Key Responsibilities:
- Design, implement, and maintain scalable ML infrastructure.
- Collaborate with data scientists to deploy and monitor machine learning models.
- Automate data processing workflows and ensure data quality.
- Optimize and manage cloud resources for cost-effective operations.
- Develop and maintain CI/CD pipelines for ML models.
- Troubleshoot and resolve issues related to ML infrastructure and deployments.
- Work closely with cross-functional teams to understand requirements and deliver solutions.
Required Skills and Experience:
- Minimum 3 years of experience in infrastructure engineering.

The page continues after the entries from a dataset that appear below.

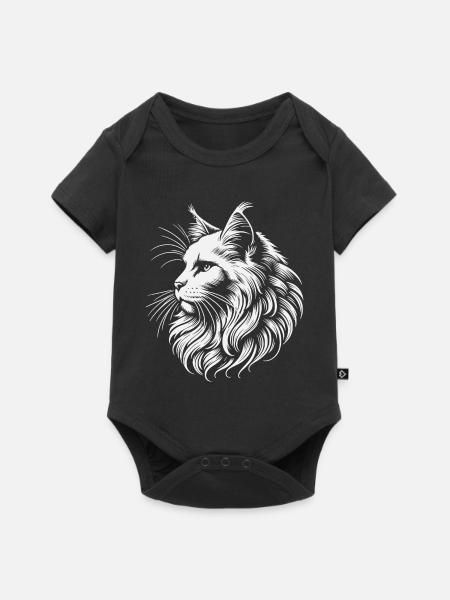 Maine Coon Katzenkopf - Baby Premium Kurzarmbody - Schwarz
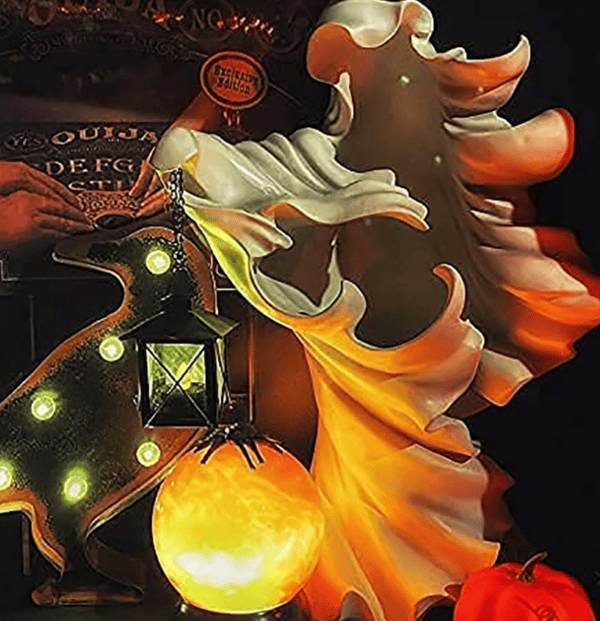 Lykta Ornament Hellbringer med Lykta Häxa Resin Halloween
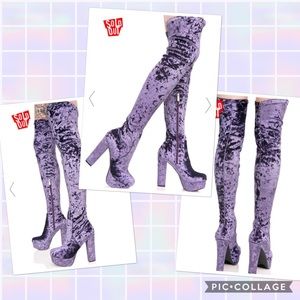 🔮DOLLSKILL PURPLE CRUSHED VELVET THIGH-HIGHS!!🔮
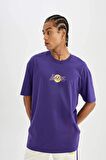 DeFactoFit NBA Los Angeles Lakers Boxy Fit Bisiklet Yaka Kısa Kollu Tişört B9910AX24SMPR299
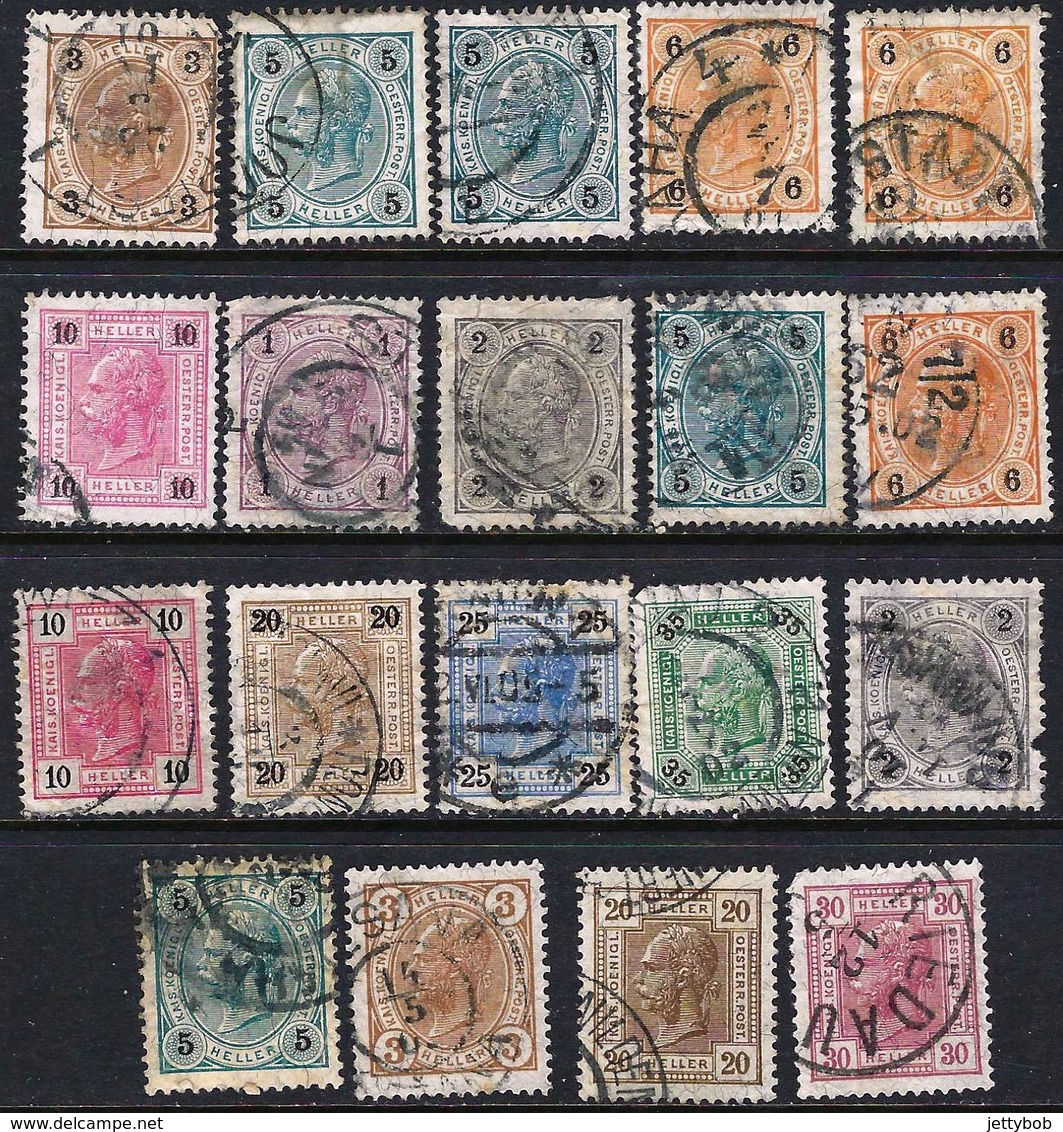 AUSTRIA 1899-1906 Heller Definitives 19 Values Used - Used Stamps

- Technical experience with any cloud platform (AWS, Azure, Google Cloud Platform).
- Strong proficiency in Python scripting and other programming languages.
- Experience with CI/CD tools and practices.
- Solid understanding of machine learning lifecycle and best practices.
- Strong problem-solving skills and attention to detail.
- Excellent communication skills and ability to work collaboratively in a team environment.
- Demonstrated ability to take ownership and drive projects to completion.
Beneficial Skills and Experience:
- Proficiency in using EMR (Elastic MapReduce) for large-scale data processing.
- Experience with containerization and orchestration tools (Docker, Kubernetes).
- Familiarity with data visualization tools and techniques.
- Knowledge of big data technologies (Spark, Hadoop).
- Experience with version control systems (Git).
- Understanding of data governance and security best practices.
- Experience with monitoring and logging tools (Prometheus, Grafana).
- Stakeholder management skills and ability to communicate technical concepts to non-technical audiences.